WORK TO COMPLETE: Every line below from the one containing "This is absolutely" through the one containing "Once you have" must be transcribed exactly. Omit all lines outside that stretch.

*** Begin section ***

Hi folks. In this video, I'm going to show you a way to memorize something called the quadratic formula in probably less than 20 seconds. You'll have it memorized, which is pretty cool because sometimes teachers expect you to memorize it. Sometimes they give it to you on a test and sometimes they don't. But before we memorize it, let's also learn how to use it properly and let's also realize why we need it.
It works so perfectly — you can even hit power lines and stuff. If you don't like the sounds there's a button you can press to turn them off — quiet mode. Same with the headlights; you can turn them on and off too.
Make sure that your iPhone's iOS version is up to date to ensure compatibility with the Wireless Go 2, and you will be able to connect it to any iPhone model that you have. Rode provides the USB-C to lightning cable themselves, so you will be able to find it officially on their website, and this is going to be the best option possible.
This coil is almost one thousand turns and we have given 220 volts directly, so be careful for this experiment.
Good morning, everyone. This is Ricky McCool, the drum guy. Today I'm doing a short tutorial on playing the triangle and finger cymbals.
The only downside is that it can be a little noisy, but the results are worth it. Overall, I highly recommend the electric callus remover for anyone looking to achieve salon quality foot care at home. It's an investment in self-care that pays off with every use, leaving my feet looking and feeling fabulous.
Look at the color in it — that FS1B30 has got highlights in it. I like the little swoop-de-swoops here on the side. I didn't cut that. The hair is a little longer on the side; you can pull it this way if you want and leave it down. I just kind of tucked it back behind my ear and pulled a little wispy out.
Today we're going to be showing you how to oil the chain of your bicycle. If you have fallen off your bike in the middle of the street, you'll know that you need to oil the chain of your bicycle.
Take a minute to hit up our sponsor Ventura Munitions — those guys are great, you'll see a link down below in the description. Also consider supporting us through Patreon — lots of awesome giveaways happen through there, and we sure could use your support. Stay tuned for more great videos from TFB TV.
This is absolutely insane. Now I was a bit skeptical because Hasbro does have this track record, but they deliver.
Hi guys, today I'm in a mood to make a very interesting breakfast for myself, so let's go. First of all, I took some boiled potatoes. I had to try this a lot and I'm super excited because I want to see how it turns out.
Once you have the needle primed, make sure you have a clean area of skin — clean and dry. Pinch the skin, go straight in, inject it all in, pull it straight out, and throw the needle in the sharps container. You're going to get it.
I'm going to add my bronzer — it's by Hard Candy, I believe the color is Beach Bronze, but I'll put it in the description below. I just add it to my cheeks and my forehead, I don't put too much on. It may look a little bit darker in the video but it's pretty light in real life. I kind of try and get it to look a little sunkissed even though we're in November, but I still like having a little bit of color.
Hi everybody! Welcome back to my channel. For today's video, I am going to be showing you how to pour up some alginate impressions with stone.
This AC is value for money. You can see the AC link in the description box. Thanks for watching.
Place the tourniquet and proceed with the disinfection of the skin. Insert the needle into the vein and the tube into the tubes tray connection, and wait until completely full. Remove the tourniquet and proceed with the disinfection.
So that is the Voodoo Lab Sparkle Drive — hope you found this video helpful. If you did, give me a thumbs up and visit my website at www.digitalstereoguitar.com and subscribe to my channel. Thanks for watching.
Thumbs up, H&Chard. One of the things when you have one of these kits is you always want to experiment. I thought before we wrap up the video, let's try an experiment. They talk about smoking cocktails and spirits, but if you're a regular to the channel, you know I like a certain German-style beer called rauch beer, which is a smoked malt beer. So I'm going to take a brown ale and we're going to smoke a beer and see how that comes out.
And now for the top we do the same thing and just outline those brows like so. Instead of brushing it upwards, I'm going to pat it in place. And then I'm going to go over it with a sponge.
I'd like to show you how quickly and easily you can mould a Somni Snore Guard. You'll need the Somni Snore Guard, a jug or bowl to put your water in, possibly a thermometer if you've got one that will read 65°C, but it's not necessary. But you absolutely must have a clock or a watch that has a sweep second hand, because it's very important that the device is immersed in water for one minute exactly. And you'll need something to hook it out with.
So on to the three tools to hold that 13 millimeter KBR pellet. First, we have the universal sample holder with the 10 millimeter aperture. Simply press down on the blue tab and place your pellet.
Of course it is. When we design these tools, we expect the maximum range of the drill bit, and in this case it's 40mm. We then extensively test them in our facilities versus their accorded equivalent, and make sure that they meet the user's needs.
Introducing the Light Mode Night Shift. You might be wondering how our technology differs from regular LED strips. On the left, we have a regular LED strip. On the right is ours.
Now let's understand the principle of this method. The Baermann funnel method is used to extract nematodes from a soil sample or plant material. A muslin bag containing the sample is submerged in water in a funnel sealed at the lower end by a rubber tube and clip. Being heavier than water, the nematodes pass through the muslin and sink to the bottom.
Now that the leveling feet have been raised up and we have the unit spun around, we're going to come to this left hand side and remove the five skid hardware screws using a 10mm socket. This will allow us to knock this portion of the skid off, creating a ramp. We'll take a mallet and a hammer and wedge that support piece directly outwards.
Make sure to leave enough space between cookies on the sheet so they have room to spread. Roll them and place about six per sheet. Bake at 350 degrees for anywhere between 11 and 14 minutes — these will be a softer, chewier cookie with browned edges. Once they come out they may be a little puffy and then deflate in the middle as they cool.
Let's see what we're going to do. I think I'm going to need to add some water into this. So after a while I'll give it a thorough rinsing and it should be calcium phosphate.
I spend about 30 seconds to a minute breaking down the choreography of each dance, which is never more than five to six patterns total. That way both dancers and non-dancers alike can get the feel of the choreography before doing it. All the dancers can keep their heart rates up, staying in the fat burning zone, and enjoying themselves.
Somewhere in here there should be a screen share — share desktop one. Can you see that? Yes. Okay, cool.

*** End section ***

RESULT OF THIS TASK:
This is absolutely insane. Now I was a bit skeptical because Hasbro does have this track record, but they deliver.
Hi guys, today I'm in a mood to make a very interesting breakfast for myself, so let's go. First of all, I took some boiled potatoes. I had to try this a lot and I'm super excited because I want to see how it turns out.
Once you have the needle primed, make sure you have a clean area of skin — clean and dry. Pinch the skin, go straight in, inject it all in, pull it straight out, and throw the needle in the sharps container. You're going to get it.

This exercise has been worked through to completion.